**Source records:**
# # # # #
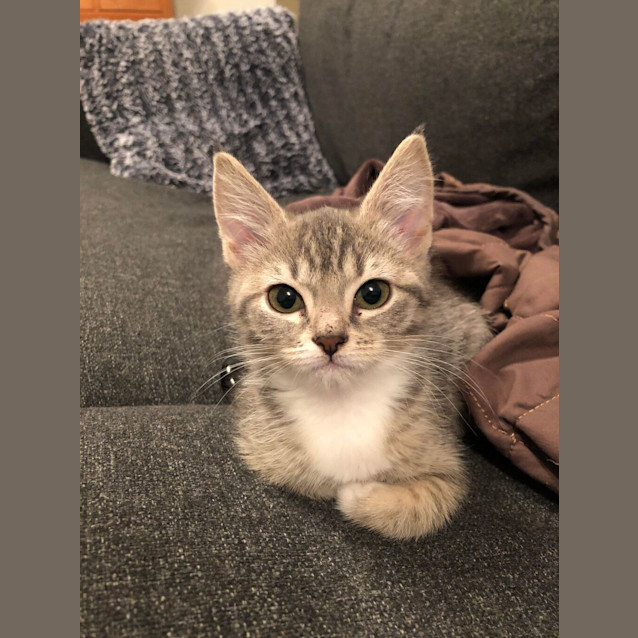 Photo of Pixie
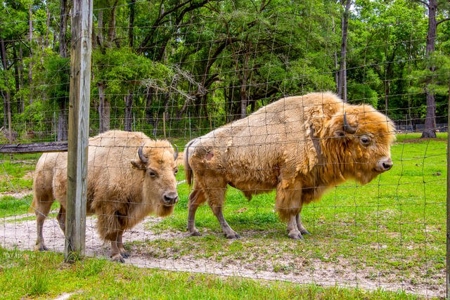 Licensed Hunting Preserve In Branford Florida For Sale!!! - image 36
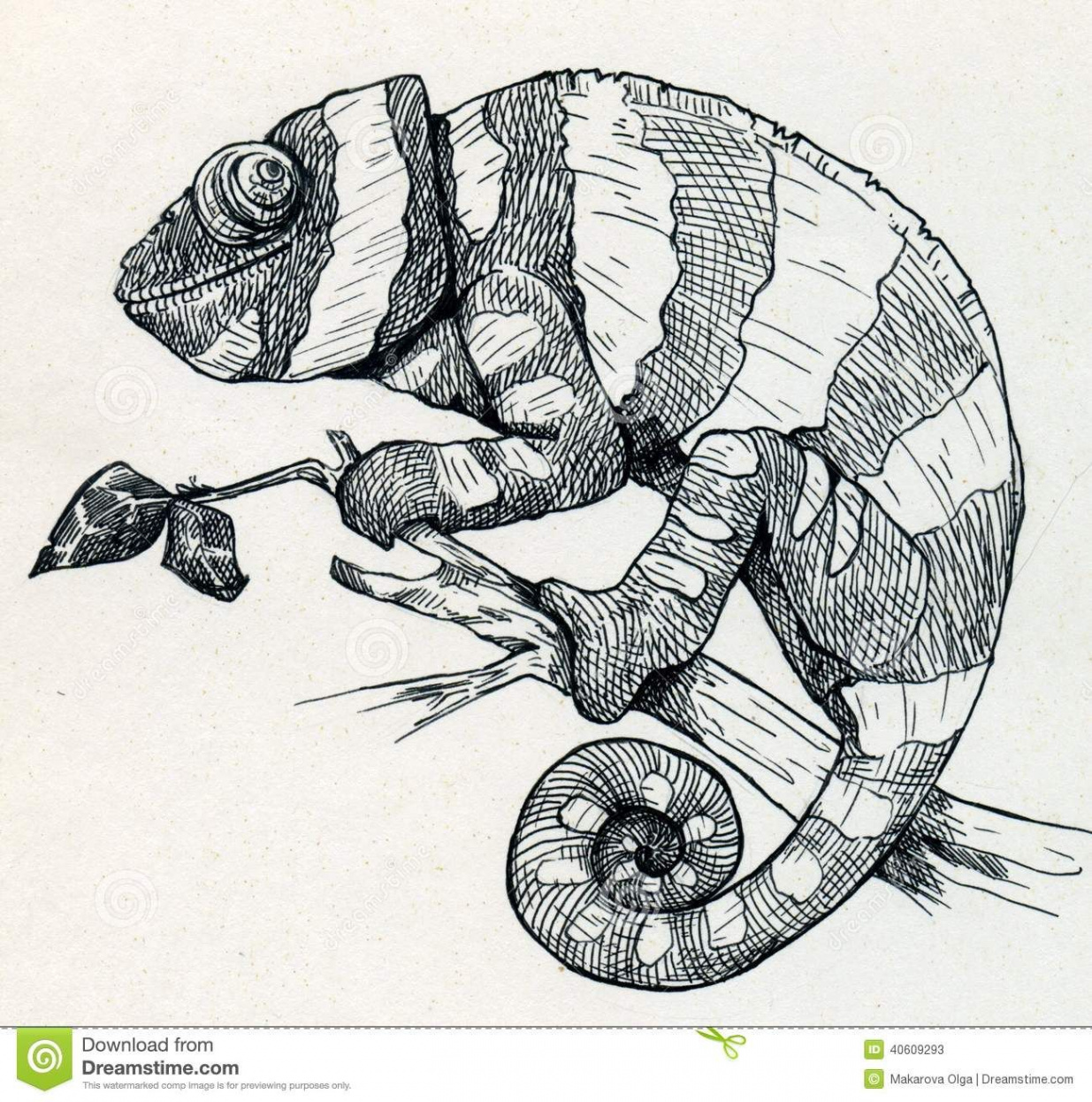 Hand drawn smiling chameleon  Animal line drawings, Chameleon art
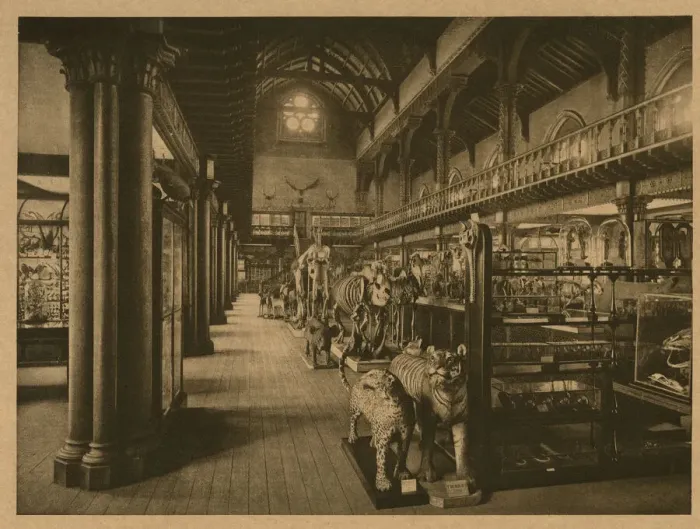 Framed Print : University of Glasgow - Interior of the Hunterian Museum Framed Print : University of Glasgow - Interior of the Hunterian Museum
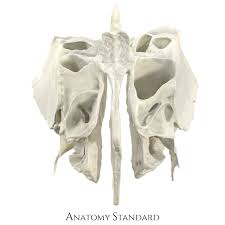 <p>What detached bone is this?</p>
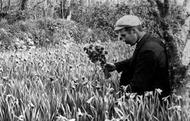 Flower Farming, Daffodils c.1891, St Mary's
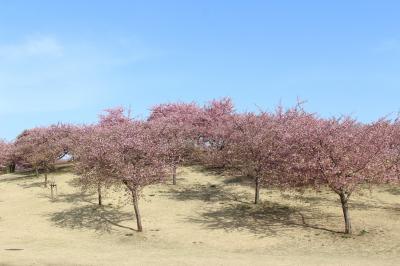 群馬、埼玉の河津桜をめぐってみました（いせさき市民のもり公園、榛の森公園、世良田東照宮)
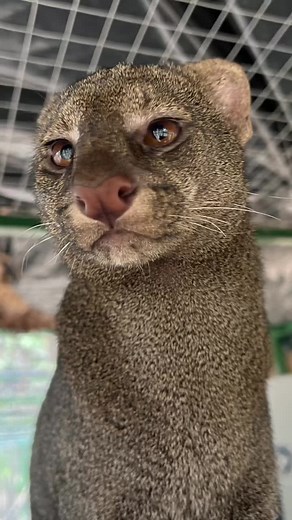 Descubre la Onza: El Jaguarundi Mexicano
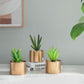 Potted Artificial Plants Set FredCo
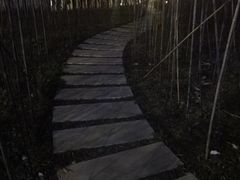 -常州古运河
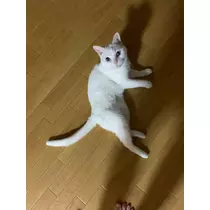 りおな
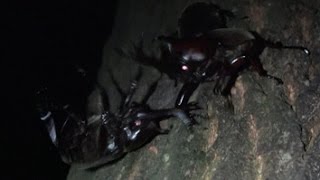 (4K昆虫バトル)野生のカブトムシ対決 Insect Fighting Japanese Rhinoceros Beetle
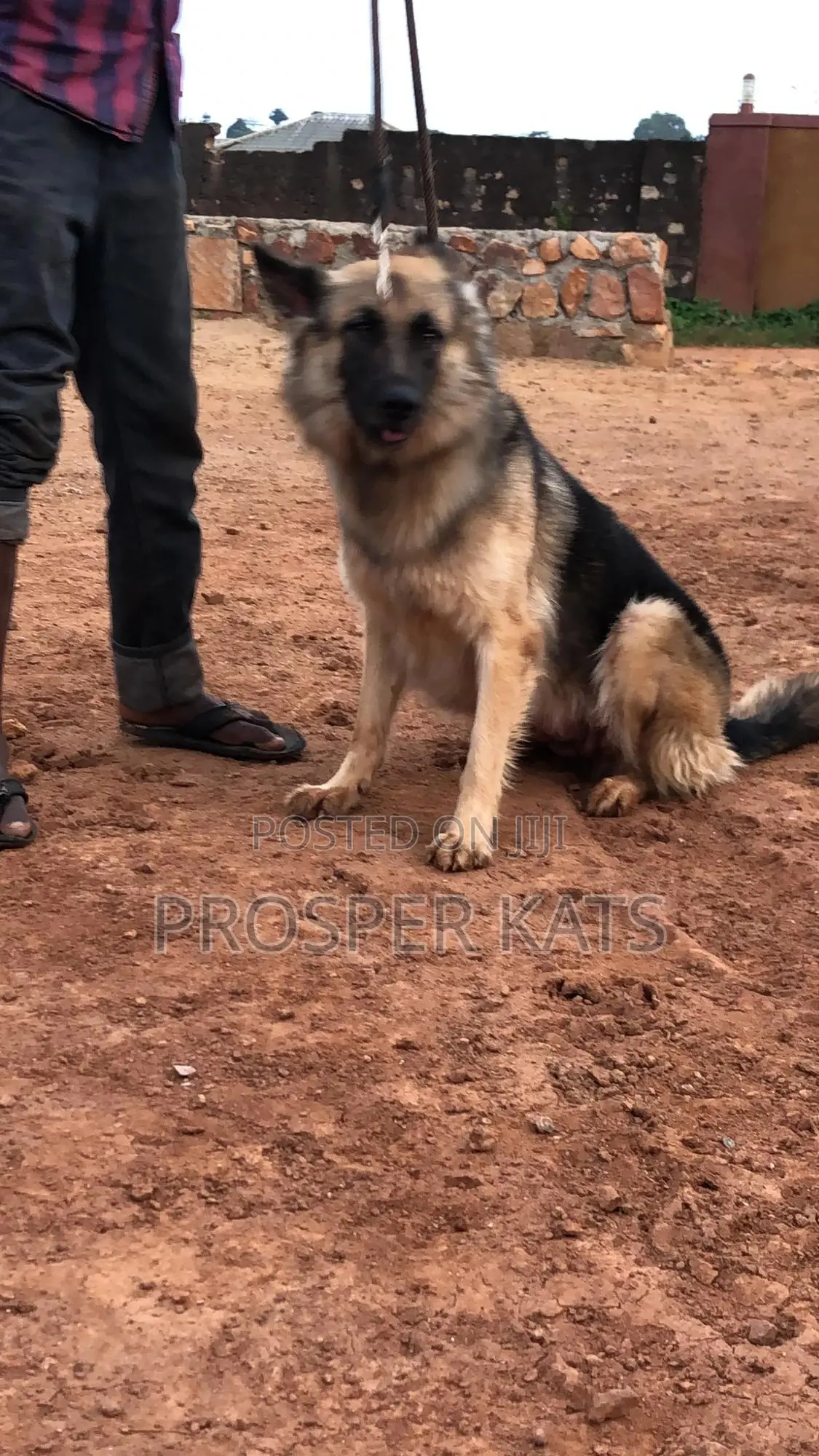 6-12 months Female Purebred German Shepherd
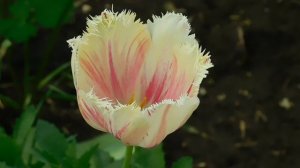 05=05=2025 ТЮЛЬПАН  ник    (36)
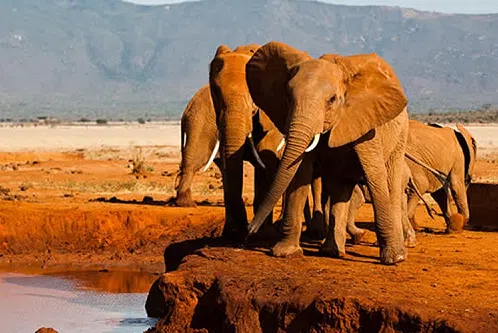 Kenya : la réserve naturelle de Tsavo fragilisée par l’arrêt des financements de l’USAID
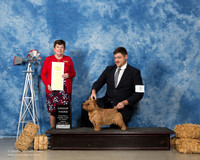Norwich Terrier #7 Fri G3 Cato Marie Suzanne Bennett Judge Cindy Meyer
# # # # #
**Task directions:** The reply should consist only of the lines from the top of the material above through the line with "6-12 months Female Purebred German Shepherd", printed exactly, pictures omitted.

**Task output:**
 Photo of Pixie
 Licensed Hunting Preserve In Branford Florida For Sale!!! - image 36
 Hand drawn smiling chameleon  Animal line drawings, Chameleon art
 Framed Print : University of Glasgow - Interior of the Hunterian Museum Framed Print : University of Glasgow - Interior of the Hunterian Museum
 <p>What detached bone is this?</p>
 Flower Farming, Daffodils c.1891, St Mary's
 群馬、埼玉の河津桜をめぐってみました（いせさき市民のもり公園、榛の森公園、世良田東照宮)
 Descubre la Onza: El Jaguarundi Mexicano
 Potted Artificial Plants Set FredCo
 -常州古运河
 りおな
 (4K昆虫バトル)野生のカブトムシ対決 Insect Fighting Japanese Rhinoceros Beetle
 6-12 months Female Purebred German Shepherd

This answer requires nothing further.